I am also concerned with the fact that he kicked a kitten. That's really abusive behavior and he had to learn that from somewhere. Either he's being abused or bullied somewhere and he's taking it out on a kitten. He feels powerless somehow, out of control. Perhaps you should take him to a counsler when you have him at your home. I know that's easier said than done, but it concerns me that it's going to continue without any attention or corrective action.

Do you have a solid parenting/visiation schedule? If not, one needs to be created to help foster a stable environment that this little boy can relay on.

Nymh's picture

The thing that concerns me most is that he kicked the kitten...everything else to me seems to be emotional backlash from whatever he's experiencing related to his parents being separated or what pressure he may be getting from outside sources about you or his father...but kicking a kitten? I'm with Step Mom, that to me is more like an exhibition of his frustration over being abused or bullied. That or he has a lot more pent up anger about the situation than he can handle. Hopefully you or someone can have some heart-to-hearts with him before it gets any worse. Have you or your DH talked to his mother about your concerns and what you all can do about it? So far it seems her only input is "he does it to my boyfriend too". Correct me if I'm wrong? He might benefit most from stability and emotional support from all four parents, but it's going to take all of you being on the same page to accomplish that.

*~So sayeth Nymh~*

EvilStepmom's picture

Yea, i've been worried about it too.

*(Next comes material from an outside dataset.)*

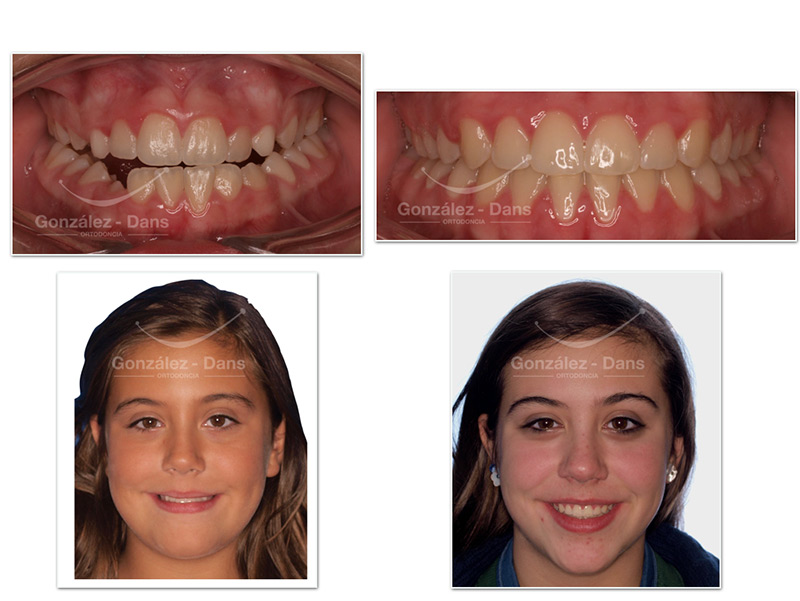 Tengo los dientes montados, ¿qué hago? Solución sin brackets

It started with the biting... but I've finally managed to get him to stop doing that. He is very abusive. He's put holes in my walls of our previous home. He isn't allowed to be around my daughter unsupervised. The kitten was asleep on the couch when this happened. He just randomly picked her up and drop kicked her across the room. I couldn't believe my eyes when I saw him do it too. I guess he's having trouble at school too.. he's been spitting on his teachers. (Where do you learn to spit on people?!?) I've suggested therapy and counseling.. we know his mom is bipolar... but both the BM and my hubby don't think it's necessary. They think he'll just grow out of it. I'm sorry but I'm a future psych major.. you'd think i'd know LOL. Thank you all for your support and advice. I've been given the opportunity to take him for a week after christmas and I've got some fun things planned for just him and me. I'm going to see if I can't figure out what's going on in this little boy's head.

I agree on the abuse thing... We don't use physical discipline in our house, but I know she does. I also know that her ex was abusive. We let her stay in our home for a short amount of time to get her out of that situation. But as far as I know, SS was never around to see that... although children instinctively know what's going on.

What amazes me however is that CPS won't get involved. About a year ago we went to pick up SS from his mother and she was high as a kite. We immediately called CPS and they said that as long as their was no abuse happening, they didn't want to get involved. Can you believe that?!

It's so different being on the other side of a divorce. I went through one myself and a hellacious custody battle for my daughter. But it's interesting to see what it's like coming from a father's point of view.

OldTimer's picture

It's obvious that both BM and BF are in denial that this child needs therapy. Perhaps you should set up a 'hidden' camera around the home every so often? Have any webcams around that you can put up and let run? I only suggest this so that maybe BF who seems to make light of situations can't make light of it when it's so obvious in his face. I think that they are missing the critical indicators here.

How does your DH listen to you when you tell him of the happenings? Does he just push it aside and come up with excuses? Or does he really take into account your perspective? He may be scared.

It would also be good to know whether this child is ADHD, ADD or has some other neurobiological disorder, especially since BM has been diagnosed as bipolar.